VII. Avec son courrier du 17 décembre 2013, la requérante a encore cité un nouveau document, à savoir
D12: WO 2005/028750 A1,
qui à son avis était destructeur de nouveauté pour un certain nombre d'objets revendiqués selon les requêtes pendantes de l'intimée.
VIII. L'intimée (titulaire du brevet) a déposé, avec son courrier du 18 février 2014, comme requêtes subsidiaires 1 à 6, six jeux de revendications modifiées, ainsi que des pages de description modifiées, ces pièces remplaçant les requêtes subsidiaires figurant au dossier.
IX. Une procédure orale s'est tenue devant la Chambre le 21 mars 2014.
X. Les arguments présentés par la requérante au sujet des questions tranchées par la chambre peuvent être résumés comme suit:
Le document D12 appartenait à l'état de la technique selon l'article 54(3) CBE. Il avait été produit tardivement parce qu'il n'avait été trouvé que lors d'une recherche effectuée dans le cadre d'une autre procédure d'opposition. Puisqu'il était prima facie destructeur de nouveauté du procédé selon la revendication 1 de la requête principale (entre autres), il était très pertinent et devait donc être admis dans la procédure. Au soutien de son argumentation, elle a cité la décision T 1002/92 (JO 1995, 605).
Les nouveaux documents D10 et D11 avaient été cités dans le mémoire de recours en réaction à la décision de la division d'opposition, selon laquelle le document D2 n'aurait pas été considéré par l'homme du métier cherchant à résoudre le problème technique posé. En particulier, ces documents montraient que l'application du couchage à rideau dans le domaine des papiers décoratifs était déjà connue. En vu de leur pertinence, ces documents devaient donc aussi être admis dans la procédure.
Les objets revendiqués n'impliquaient pas d'activité inventive au regard de chacune des combinaisons de documents suivantes: D9 avec D10, D9 avec D11, D1 avec D2 et D9 avec D2. Cette dernière combinaison, (re-)soulevée lors de la procédure orale, avait déjà été invoquée durant la procédure d'opposition.
XI. Les arguments présentés par l'intimée peuvent être résumés comme suit:
Les documents D10, D11 et D12 n'étaient pas recevables au vu de leur production tardive.Le document D12 avait uniquement été introduit après la convocation à la procédure orale, à seulement trois mois de la procédure orale.

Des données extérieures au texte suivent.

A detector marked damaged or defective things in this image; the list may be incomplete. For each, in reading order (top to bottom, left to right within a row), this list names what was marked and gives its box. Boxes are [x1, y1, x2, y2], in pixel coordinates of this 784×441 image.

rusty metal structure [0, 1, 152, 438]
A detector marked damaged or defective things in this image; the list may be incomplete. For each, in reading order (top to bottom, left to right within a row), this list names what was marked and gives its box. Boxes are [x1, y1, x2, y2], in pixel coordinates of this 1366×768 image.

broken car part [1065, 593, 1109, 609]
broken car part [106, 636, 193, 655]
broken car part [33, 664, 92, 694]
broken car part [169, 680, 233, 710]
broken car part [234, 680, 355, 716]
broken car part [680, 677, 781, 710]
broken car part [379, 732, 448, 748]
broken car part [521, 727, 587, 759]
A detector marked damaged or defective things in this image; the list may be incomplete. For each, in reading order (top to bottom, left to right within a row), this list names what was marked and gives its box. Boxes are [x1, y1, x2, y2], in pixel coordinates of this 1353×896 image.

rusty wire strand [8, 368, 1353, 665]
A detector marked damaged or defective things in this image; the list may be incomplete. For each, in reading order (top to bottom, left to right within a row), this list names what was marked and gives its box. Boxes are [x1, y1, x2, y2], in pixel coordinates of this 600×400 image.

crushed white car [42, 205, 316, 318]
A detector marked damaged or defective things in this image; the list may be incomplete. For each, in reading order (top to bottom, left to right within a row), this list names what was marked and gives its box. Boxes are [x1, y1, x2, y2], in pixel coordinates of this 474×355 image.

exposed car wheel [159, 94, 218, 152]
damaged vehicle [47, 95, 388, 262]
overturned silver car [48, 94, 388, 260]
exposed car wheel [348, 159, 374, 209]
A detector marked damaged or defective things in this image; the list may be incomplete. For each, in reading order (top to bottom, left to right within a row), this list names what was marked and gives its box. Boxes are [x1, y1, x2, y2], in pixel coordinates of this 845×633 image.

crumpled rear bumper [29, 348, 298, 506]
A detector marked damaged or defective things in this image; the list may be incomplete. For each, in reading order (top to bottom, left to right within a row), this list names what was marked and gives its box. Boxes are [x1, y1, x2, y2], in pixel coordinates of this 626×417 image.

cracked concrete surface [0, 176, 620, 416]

Ce temps n'était pas suffisant pour pouvoir évaluer complètement la portée potentielle du document par rapport à la nouveauté, par exemple en ce qui concerne la vitesse d'imprégnation des papiers décoratifs qui y sont divulgués. Une reproduction des exemples 3 et 4 de D12 rendait nécessaire une installation pour le couchage à rideau qui n'était pas disponible dans ce délais restreint.
En outre, la requérante n'avait pas fourni toutes les informations nécessaires pour établir l'opposabilité du document D12, c'est à dire les informations concernant la validité de ses dates de priorité et de la date de priorité du brevet litigieux, ainsi que celles concernant le payement de la taxe de dépôt pour l'entrée dans la phase européenne.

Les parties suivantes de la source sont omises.